The Texting for Relapse Prevention (T4RP) is an innovative service delivery program delivered via text messaging designed for people who have schizophrenia/SAD. The intervention will be tested in a randomized controlled trial against a treatment-as-usual control group which, for most, involved meeting with their therapist every 2 to 4 weeks and meeting with their psychiatrist at least once every 90 days or more frequently as clinically indicated. A total of 40 people with schizophrenia and 5-15 provider participants (depending on the patient distribution across the providers) in the pilot RTC. The study is being conducted by researchers at the Center for Innovative Public Health Research and Johns Hopkins Community Psychiatry Program (JHCPP).
The investigators posit that T4RP will reduce psychiatric morbidity and institutionalization rates and promote recovery by facilitating improved patient-provider communication, promoting medication adherence, helping people self-monitor their early warning signs, and promoting self-management of symptoms.
If T4RP is effective, this cost-effective and easily scalable intervention will make a significant public health impact and reduction in relapse-related costs for people with schizophrenia/SAD.

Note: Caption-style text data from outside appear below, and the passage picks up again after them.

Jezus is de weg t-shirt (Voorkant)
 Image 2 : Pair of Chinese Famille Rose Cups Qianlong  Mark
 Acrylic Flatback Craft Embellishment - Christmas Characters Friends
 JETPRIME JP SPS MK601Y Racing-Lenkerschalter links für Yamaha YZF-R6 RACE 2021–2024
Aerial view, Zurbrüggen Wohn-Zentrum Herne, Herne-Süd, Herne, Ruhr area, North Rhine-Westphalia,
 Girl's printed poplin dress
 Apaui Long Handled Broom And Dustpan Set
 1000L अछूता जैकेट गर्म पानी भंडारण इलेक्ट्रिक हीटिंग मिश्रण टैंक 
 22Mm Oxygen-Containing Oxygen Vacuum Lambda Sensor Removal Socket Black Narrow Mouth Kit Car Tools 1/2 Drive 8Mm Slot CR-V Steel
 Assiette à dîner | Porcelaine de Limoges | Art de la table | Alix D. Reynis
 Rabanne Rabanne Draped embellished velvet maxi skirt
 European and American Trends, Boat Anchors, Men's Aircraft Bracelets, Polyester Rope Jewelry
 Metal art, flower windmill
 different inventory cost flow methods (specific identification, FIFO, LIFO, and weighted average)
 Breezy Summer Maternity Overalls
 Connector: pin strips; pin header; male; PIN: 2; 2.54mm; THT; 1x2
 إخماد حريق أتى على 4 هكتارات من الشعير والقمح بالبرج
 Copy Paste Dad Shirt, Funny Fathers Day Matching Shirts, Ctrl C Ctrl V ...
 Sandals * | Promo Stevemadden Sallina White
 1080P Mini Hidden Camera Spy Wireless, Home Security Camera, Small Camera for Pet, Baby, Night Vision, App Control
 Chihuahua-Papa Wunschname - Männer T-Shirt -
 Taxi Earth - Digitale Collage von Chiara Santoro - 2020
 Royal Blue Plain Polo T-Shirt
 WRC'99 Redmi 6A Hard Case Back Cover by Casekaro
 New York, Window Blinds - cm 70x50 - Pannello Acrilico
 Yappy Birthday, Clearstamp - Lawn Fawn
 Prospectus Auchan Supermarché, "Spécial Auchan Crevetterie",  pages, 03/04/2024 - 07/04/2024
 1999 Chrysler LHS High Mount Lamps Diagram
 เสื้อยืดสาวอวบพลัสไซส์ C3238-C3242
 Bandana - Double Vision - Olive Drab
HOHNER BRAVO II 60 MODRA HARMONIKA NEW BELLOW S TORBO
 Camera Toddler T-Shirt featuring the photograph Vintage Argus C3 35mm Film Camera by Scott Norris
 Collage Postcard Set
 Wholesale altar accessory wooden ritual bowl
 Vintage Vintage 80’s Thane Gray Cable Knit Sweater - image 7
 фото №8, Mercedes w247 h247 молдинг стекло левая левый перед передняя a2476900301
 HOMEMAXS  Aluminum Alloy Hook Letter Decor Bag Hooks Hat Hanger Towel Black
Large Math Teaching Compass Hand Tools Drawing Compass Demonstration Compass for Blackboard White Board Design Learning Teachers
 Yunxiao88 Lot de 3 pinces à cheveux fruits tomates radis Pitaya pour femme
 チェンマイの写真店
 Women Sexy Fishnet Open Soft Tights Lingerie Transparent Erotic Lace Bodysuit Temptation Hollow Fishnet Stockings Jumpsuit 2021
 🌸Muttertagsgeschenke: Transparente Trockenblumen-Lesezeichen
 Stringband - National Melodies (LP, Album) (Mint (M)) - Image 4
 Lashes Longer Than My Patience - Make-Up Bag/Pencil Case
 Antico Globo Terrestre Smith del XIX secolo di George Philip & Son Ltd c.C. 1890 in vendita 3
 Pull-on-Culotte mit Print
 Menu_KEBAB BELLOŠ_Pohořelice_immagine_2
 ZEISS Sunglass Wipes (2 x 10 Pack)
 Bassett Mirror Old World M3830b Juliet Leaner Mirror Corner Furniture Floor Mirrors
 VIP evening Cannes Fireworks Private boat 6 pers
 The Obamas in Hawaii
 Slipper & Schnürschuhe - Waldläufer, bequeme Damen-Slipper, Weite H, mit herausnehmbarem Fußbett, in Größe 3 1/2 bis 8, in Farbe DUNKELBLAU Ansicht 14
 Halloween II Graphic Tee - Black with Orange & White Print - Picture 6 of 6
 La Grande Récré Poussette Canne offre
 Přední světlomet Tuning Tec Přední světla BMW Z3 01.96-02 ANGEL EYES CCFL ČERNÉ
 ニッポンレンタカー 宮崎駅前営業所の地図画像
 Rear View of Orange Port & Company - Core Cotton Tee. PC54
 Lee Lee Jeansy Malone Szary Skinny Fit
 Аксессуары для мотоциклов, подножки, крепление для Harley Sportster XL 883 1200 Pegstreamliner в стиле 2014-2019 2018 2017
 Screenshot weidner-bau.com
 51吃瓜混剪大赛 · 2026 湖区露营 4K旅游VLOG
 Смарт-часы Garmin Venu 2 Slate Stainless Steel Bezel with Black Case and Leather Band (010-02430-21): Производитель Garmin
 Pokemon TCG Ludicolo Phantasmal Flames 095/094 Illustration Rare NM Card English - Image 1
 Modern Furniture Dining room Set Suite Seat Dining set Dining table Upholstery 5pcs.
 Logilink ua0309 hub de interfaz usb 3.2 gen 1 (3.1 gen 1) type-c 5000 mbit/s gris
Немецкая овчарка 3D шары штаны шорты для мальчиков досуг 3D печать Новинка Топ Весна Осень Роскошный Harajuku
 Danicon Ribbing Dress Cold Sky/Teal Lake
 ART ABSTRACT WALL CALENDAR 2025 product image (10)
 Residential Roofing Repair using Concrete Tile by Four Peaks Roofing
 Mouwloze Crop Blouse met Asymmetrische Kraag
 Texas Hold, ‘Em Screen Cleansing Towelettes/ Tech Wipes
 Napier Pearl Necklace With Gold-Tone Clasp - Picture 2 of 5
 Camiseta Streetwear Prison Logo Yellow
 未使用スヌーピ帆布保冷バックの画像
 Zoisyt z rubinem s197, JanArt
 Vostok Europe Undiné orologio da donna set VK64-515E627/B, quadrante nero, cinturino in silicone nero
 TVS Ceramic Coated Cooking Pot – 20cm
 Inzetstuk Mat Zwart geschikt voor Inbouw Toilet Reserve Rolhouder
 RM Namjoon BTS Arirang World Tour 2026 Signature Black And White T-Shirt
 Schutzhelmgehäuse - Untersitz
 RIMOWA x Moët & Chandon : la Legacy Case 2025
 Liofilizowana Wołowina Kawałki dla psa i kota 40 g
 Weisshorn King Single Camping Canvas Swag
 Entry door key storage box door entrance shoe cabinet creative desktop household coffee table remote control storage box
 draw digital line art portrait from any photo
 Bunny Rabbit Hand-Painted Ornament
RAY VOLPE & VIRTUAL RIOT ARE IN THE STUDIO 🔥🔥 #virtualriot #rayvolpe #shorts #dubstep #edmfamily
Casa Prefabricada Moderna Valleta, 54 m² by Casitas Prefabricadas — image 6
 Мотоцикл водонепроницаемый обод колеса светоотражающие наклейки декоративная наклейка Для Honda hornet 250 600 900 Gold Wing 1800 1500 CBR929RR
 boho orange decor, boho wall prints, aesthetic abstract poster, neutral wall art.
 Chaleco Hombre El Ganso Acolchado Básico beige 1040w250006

|Study Type :||Interventional (Clinical Trial)|
|Estimated Enrollment :||40 participants|
|Intervention Model:||Parallel Assignment|
|Official Title:||Texting for Relapse Prevention Among People Diagnosed With Schizophrenia or SAD|
|Estimated Study Start Date :||March 12, 2018|
|Estimated Primary Completion Date :||August 2020|
|Estimated Study Completion Date :||August 2020|
Experimental: Texting for Relapse Prevention (T4RP)
T4RP is a relapse prevention mHealth program text messaging to people who have schizophrenia/SAD. The intervention will include an online interface for clinicians and an automated text messaging program for patients. Firstly, patients and providers will meet in an intake session, to identify the patient's personal early warning signs from a pre-identified list. Using the online interface, providers will enter additional warning signs or personalize the wording of the messages as requested by the patient. The patient also will determine the threshold at which the provider will be alerted about a possible relapse and whether additional contact people should be alerted.
Behavioral: Texting for Relapse Prevention (T4RP)
T4RP is a relapse prevention mHealth program text messaging to people who have schizophrenia/SAD. Content is guided by components of the Assertive Community Treatment (ACT) and focuses on facilitating improved patient-provider communication, promoting medication adherence, helping people self-monitor their early warning signs, and promoting self-management of symptoms.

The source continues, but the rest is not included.